A securities analyst familiar with the Gibraltar bonds said that, if the mayor sold them in January, he would have received only 20 to 30 cents on the dollar for his original investment. The mayor, therefore, would have lost between $70,000 and $80,000.

Bradley’s purchase of the bonds does not appear to violate any rules or laws, although one SEC source said there may be a question about whether Drexel violated rules concerning private placements in selling to the mayor. The rules, in most cases, limit private placements to “sophisticated investors” who have substantial assets and a high degree of investment savvy.

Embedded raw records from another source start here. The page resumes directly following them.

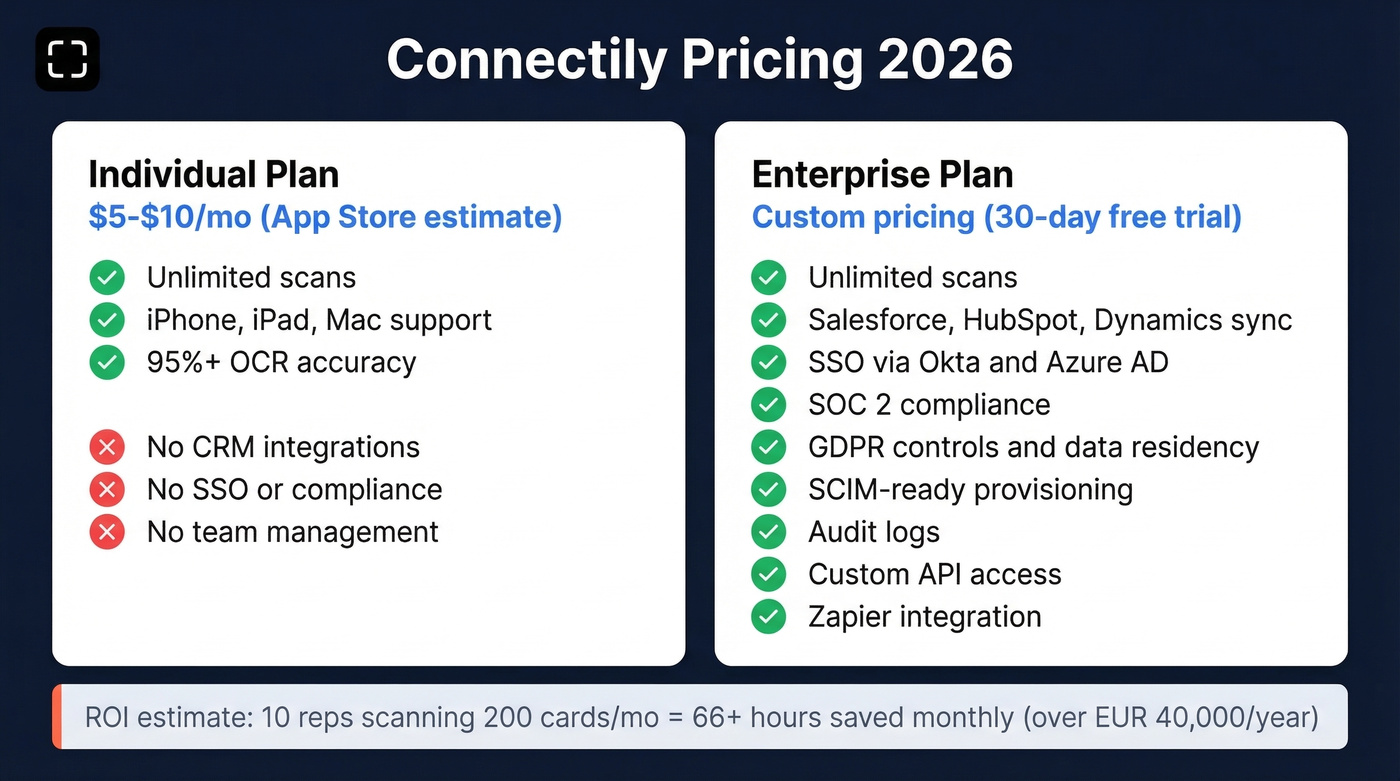 Connectily pricing tiers with features breakdown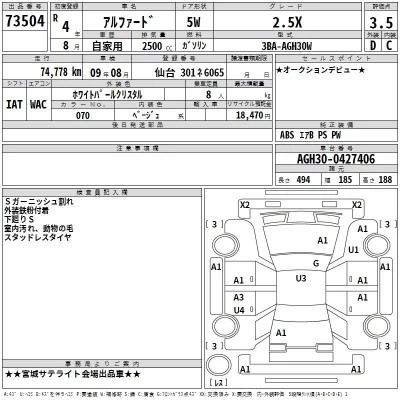 Toyota ALPHARD  с аукциона в Японии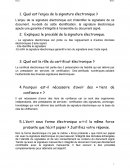 La signature électronique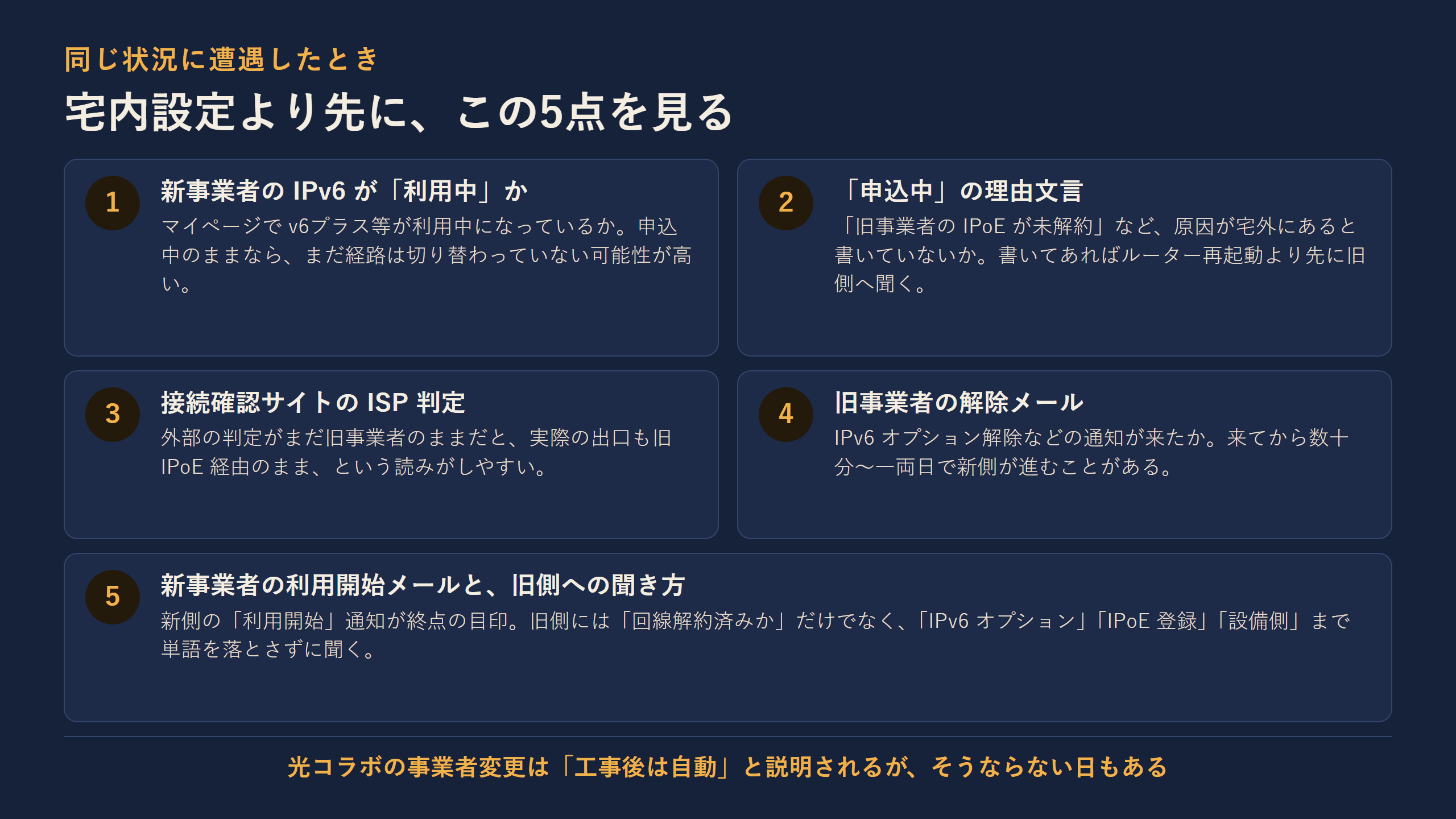 同じ状況で宅内機器より先に確認する5点。新事業者マイページのIPv6サービスが利用中か、申込中の場合の理由表示、接続確認サイトのISP判定、旧事業者からの解除メール、新事業者からの利用開始メール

In addition to the Gibraltar bonds, The Times has learned that Bradley obtained junk bonds of two other companies in 1986 after leveraged buyouts for which Drexel arranged the financing. The companies were BCI Holdings, the holding company created after the buyout of Beatrice Cos., and SCI Holdings, created after the buyout of Storer Communications. In a leveraged buyout, a company’s public shareholders are bought out and the company is taken private, in part with funds raised from high-yield bonds.

In his financial disclosure forms, Bradley failed to list his SCI, BCI and Gibraltar bonds. Instead, he stated that he owned “common stock” in each firm. Sources close to Drexel said Bradley did not hold common stock in either SCI or BCI.

Bradley has publicly reported investing in only one issue of junk bonds--in 1984--when he invested up to $100,000 in Metromedia securities issued by Drexel. The bonds were redeemed at a profit the following year when publisher Rupert Murdoch purchased several of the firm’s television stations.